BOOKSTEIN, F. L. 1991. Morphometric tools for landmark data: geometry and biology. Cambridge University Press, Cambridge 435 pp.


BOOKSTEIN, F. L. 1997a. Landmark methods for forms without landmarks: Localizing group differences in outline shape. Medical Image Analysis, 1, 225–243.

BOOKSTEIN, F., L. 1997b. Shape and the information in medical images: a decade of the morphometric synthesis. Computer Vision and Image Understanding, 66, 97–118.

MACLEOD, N. 1999. Generalizing and extending the eigenshape method of shape visualization and analysis. Paleobiology, 25, 107–138.

MACLEOD, N. 2002. Phylogenetic signals in morphometric data. In N. MacLeod and P. L. Forey (eds). Morphology, shape and phylogeny. Taylor & Francis, London, 100–138 pp.

MACLEOD, N. 2008. Size and shape coordinates. Palaeontological Association Newsletter, 69, 26–36.

MACLEOD, N. 2009a. Form & shape models. Palaeontological Association Newsletter, 72, 14–27.
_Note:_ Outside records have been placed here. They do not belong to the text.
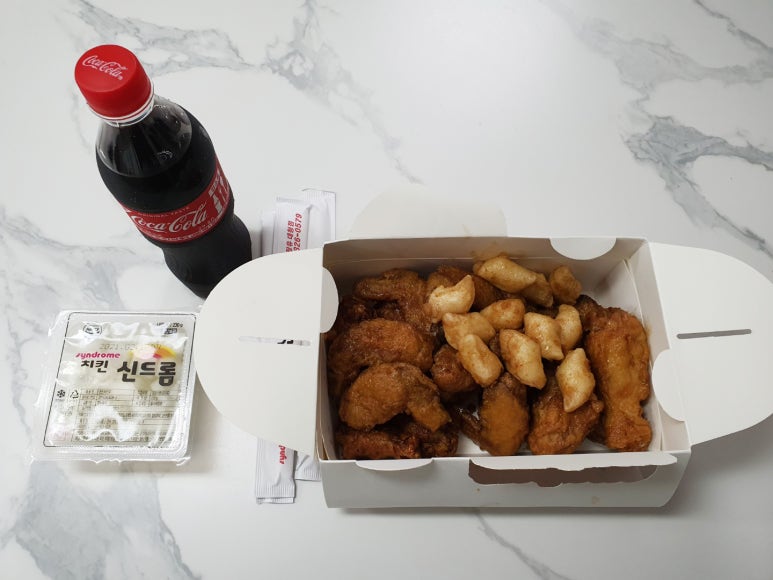 치킨 신드롬 이미지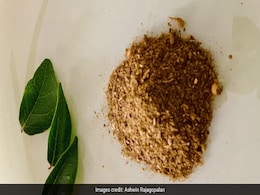Make Gun Powder, Andhra's Fiery And Flavourful Powder And The Healthy Curry Leaf Powder At Home   Make Gun Powder, Andhra's Fiery And Flavourful Powder And The Healthy Curry Leaf Powder At Home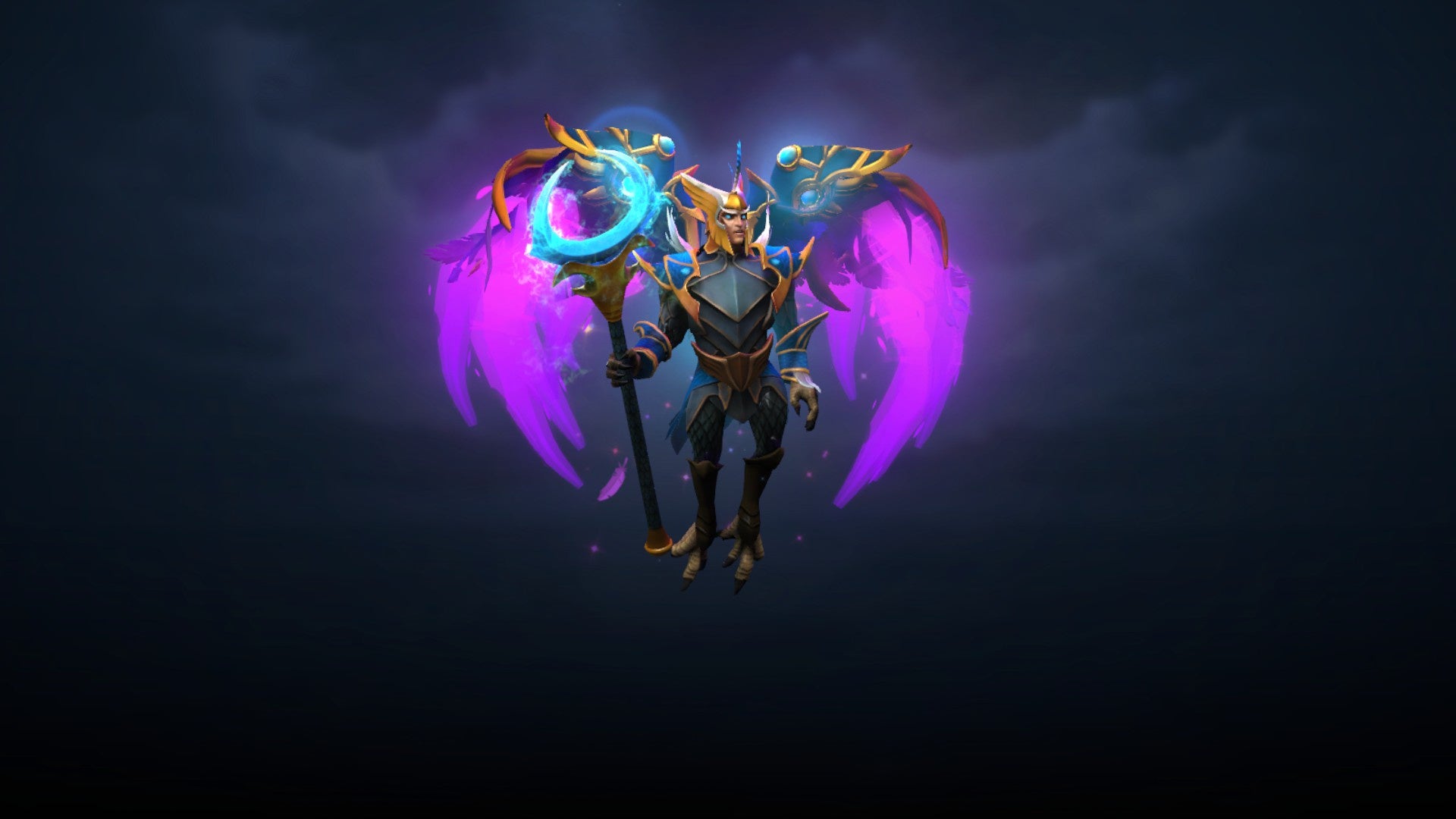 Immortal | MMR: 9011 - Behavior: 12000 - Communication: 11759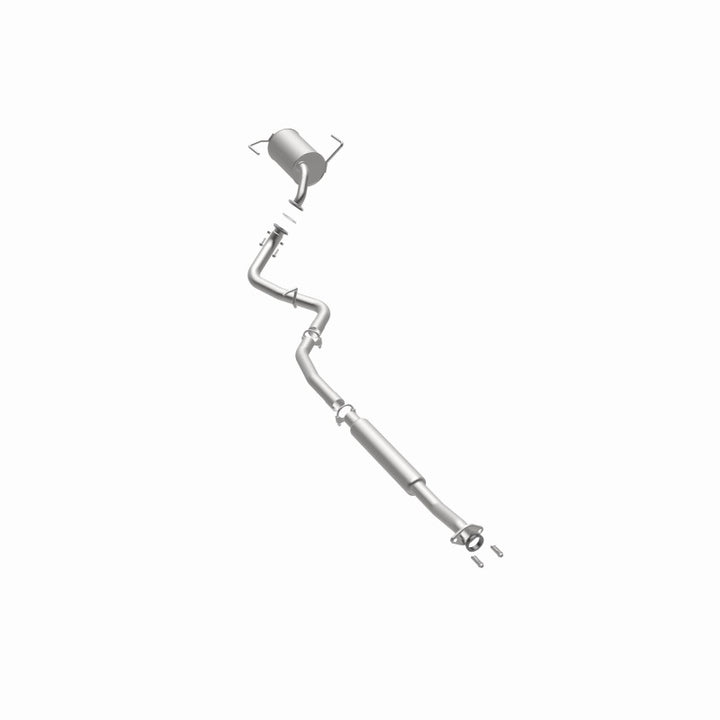 MagnaFlow BRE Exhaust Kit 10-17 Subaru Outback 2.5L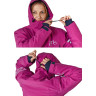 Женская зимняя куртка NORFIN WOMEN NORDIC PURPLE 02 р.M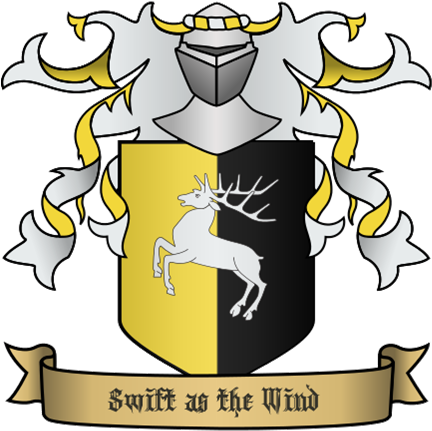 So For This Month's Army Painting Challenge I Painted - Ashington Coat Of Arms (440x438)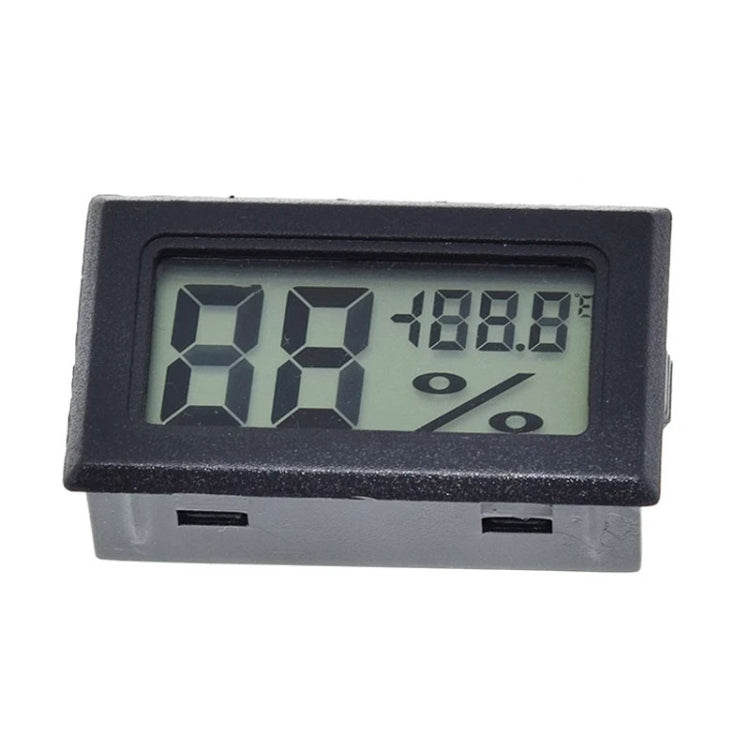 With Probe Digital Thermometer Hygrometer Electronic Temperature Detection Sensor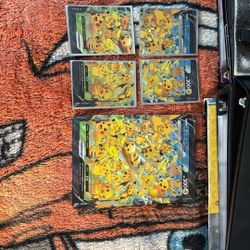 Pikachu V-UNION: From Pokémon TCG: Celebrations Set. And Jumbo Card.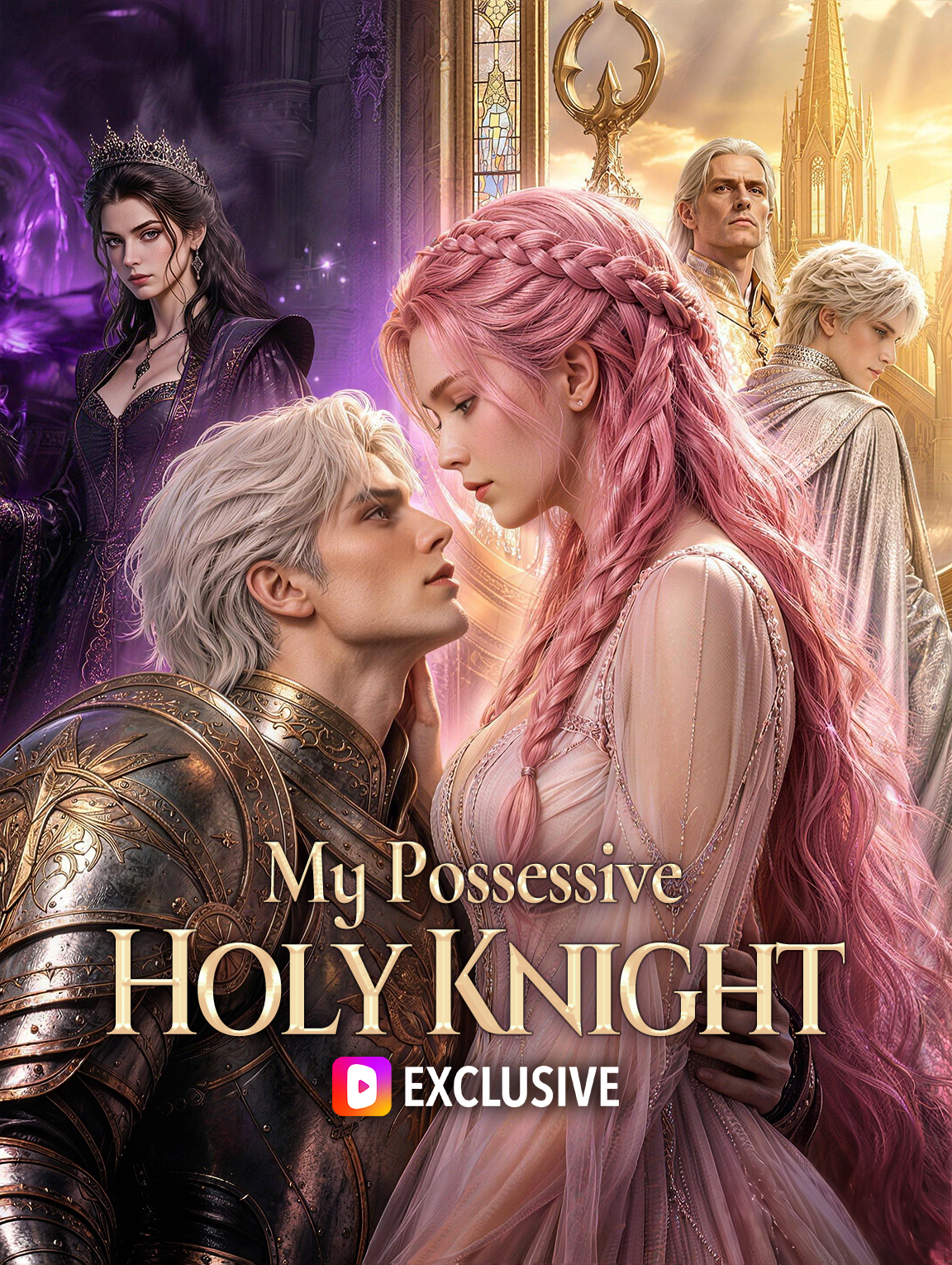 My Possessive Holy Knight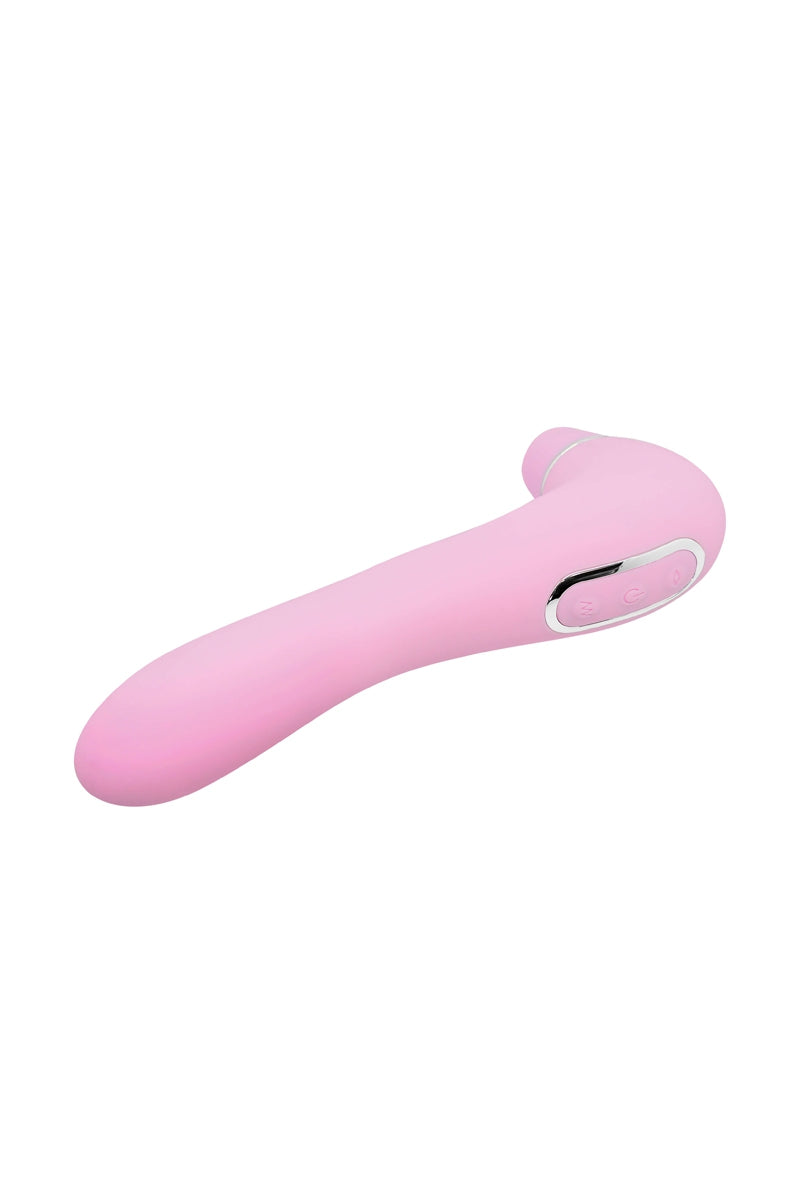 Stimulateur clitoridien Smooch - Wooomy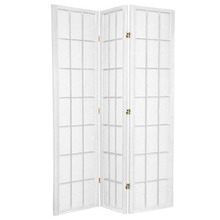 3 Panel Shoji Room Divider Screen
MACLEOD, N. 2009b. Shape theory. Palaeontological Association Newsletter, 71, 34–47.

MACLEOD, N. 2010. Shape models II: the thin plate spline. Palaeontological Association Newsletter, 73, 24–39.

MACLEOD, N. 2012. Going round the bend II: extended eigenshape analysis. Palaeontological Association Newsletter, 81, 23–39.

NAYLOR, G. J. P. 1996. Can partial warps scores be used as cladistic characters? In L. F. Marcus, et al. (eds). Advances in morphometrics. Plenum Press, New York, 519–530 pp.

SLICE, D. E., BOOKSTEIN, F., L. and ROHLF, F. J. 2008. A Glossary for Geometric Morphometrics web site: http://life.bio.sunysb.edu/morph/.

ZELDITCH, M. L., SWIDERSKI, D. L., SHEETS, H. D. and FINK, W. L. 2004. Geometric morphometrics for biologists: a primer. Elsevier/Academic Press, Amsterdam 443 pp.